Sep. 9, 2013 — NASA’s black-hole-hunter spacecraft, the Nuclear Spectroscopic Telescope Array, or NuSTAR, has “bagged” its first 10 supermassive black holes. The mission, which has a mast the length of a school bus, is the first telescope capable of focusing the highest-energy X-ray light into detailed pictures.

 

An optical color image of galaxies is seen here overlaid with X-ray data (magenta) from NASA’s Nuclear Spectroscopic Telescope Array (NuSTAR). (Credit: NASA/JPL-Caltech)
 

The new black-hole finds are the first of hundreds expected from the mission over the next two years. These gargantuan structures — black holes surrounded by thick disks of gas — lie at the hearts of distant galaxies between 0.3 and 11.4 billion light-years from Earth.

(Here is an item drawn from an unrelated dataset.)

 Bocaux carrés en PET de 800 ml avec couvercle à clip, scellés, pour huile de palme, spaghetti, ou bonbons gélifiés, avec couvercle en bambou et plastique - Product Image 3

“We found the black holes serendipitously,” explained David Alexander, a NuSTAR team member based in the Department of Physics at Durham University in England and lead author of a new study appearing Aug. 20 in The Astrophysical Journal. “We were looking at known targets and spotted the black holes in the background of the images.”

Additional serendipitous finds such as these are expected for the mission. Along with the mission’s more targeted surveys of selected patches of sky, the NuSTAR team plans to comb through hundreds of images taken by the telescope with the goal of finding black holes caught in the background.